In an embodiment of the invention, along with the rise and fall data transmitted from memory device 201, device 100 also obtains the alternating I/O data pattern generated by circuit 208, wherein the alternating data pattern is in line with the aligned rise and fall data from flops 214 and 216. Device 100 then uses phases 222a-222d to multiply sample the alternating I/O data pattern multiple times to determine the optimal sampling phase. Thereafter, in core clock domain 205, device 100 provides multiple quadrature phases 222a-222d of a core clock. Phase 222a has a 0 degree offset from the core clock, phase 222b has a 270 degree offset from the core clock, phase 222c has a 180 degree offset from the core clock and phase 222d has a 90 degree offset from the core clock. According to one embodiment of the invention, device 100 generates four phases 222a-222d of the core clock. However, as is known to those of ordinary skill in the art, device 100 may generate more than four phases for better resolution.
In an embodiment of the inventive system, during sampling, device 100 ignores data 204 returned from memory device 201. Device 100 only samples the alternate I/O data pattern from clock 202, wherein the I/O data pattern provides a transition in every cycle. Since device 100 samples the alternating I/O data pattern, memory 201 is not required to perform an operation in order for device 100 to obtain the needed transitions that are sampled to determine an optimal phase for sampling data. As such, the inventive system eliminates the drifts that occur between phases when a transition does not occur every cycle, thereby causing the phase to be off. By producing a transition every cycle, the inventive system enables device 100 to constantly re-correct in order to determine the location of the optimal sampling phase.
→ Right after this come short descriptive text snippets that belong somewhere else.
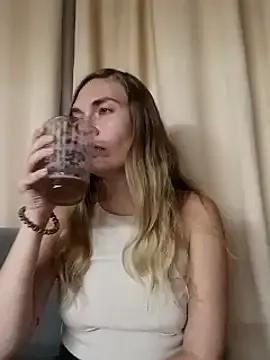 Freechat KisaVixen on StripChat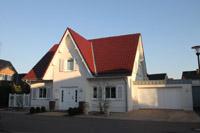 Haustyp Wattenscheid - Friesenhaus in Putzbauweise mit Fensterläden / Klappläden, Friesengiebel, Landhaus, Garage mit Zink - Umrandung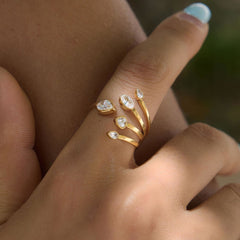 Aurelia Teardrop Spiral Ring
Sampling of the alternating data pattern provides an advantage over directly sampling of the received clock or data in that it enables better phase match with the delays data from flops 214 and 216 to provide the most optimal sampling phase. The process corner delay variations of the alternating data pattern match the process corner delay variation of the data from flops 214 and 216. As is known to those skilled in the art, the clock returned from memory 201 typically includes jitter that blurs the edges. As such when a sample is obtained from near the edge, the data pattern may sometimes be a zero or a one, which is a non-optimal point for sampling data. Therefore, according to an embodiment of the invention, device 100 selects the optimal sampling phase that will produce the fewest sampling error, that is, a sampling phase that is farthest away from the edges.
As mentioned above, device 100 operates without the need for any memory operations. As such, when device 100 is started, as long as a free running clock in memory 201 is executing, device 100 can determine the optimal sampling phase. Device 100 therefore relies only on the free running read strobe clock from external memory 210 and may run without a training sequence and remains locked even in the absence of memory operations. Since there is a transition every cycle, device 100 can realign every cycle, is insensitive to data patterns, and can tolerate infinite sequences of ones and zeros. Device 100 can also respond quickly to changes in phase of memory read strobe clocks since the sampled data has a guaranteed transition on every rising clock edge.
According to an embodiment, device 100 includes an algorithm for determine which quadrature clock 222a-222d to use in sampling data. The algorithm relies on comparing samples (voting) from clocks 222a-222d of the sampled values from the alternating I/O pattern to determine where the edges of the received data are located.
The foregoing description has been directed to specific embodiments of this invention. It will be apparent, however, that other variations and modifications may be made to the described embodiments, with the attainment of some or all of their advantages. Therefore, it is the object of the appended claims to cover all such variations and modifications as come within the true spirit and scope of the invention.
Claims
1. A network device for determining an optimal sampling phase for source synchronous data sent from an external device, the network device comprising:
- receiving means for receiving from a transmitting device, in a transmitter clock domain, a clock and data with a fixed phase relationship;
- a plurality of phases of a core clock; and
- sampling means, in a core clock domain, for sampling a data pattern with the plurality of phases, wherein the data pattern is locally generated using the clock from the transmitting device and an optimal phase for sampling received data is selected from the plurality of phases.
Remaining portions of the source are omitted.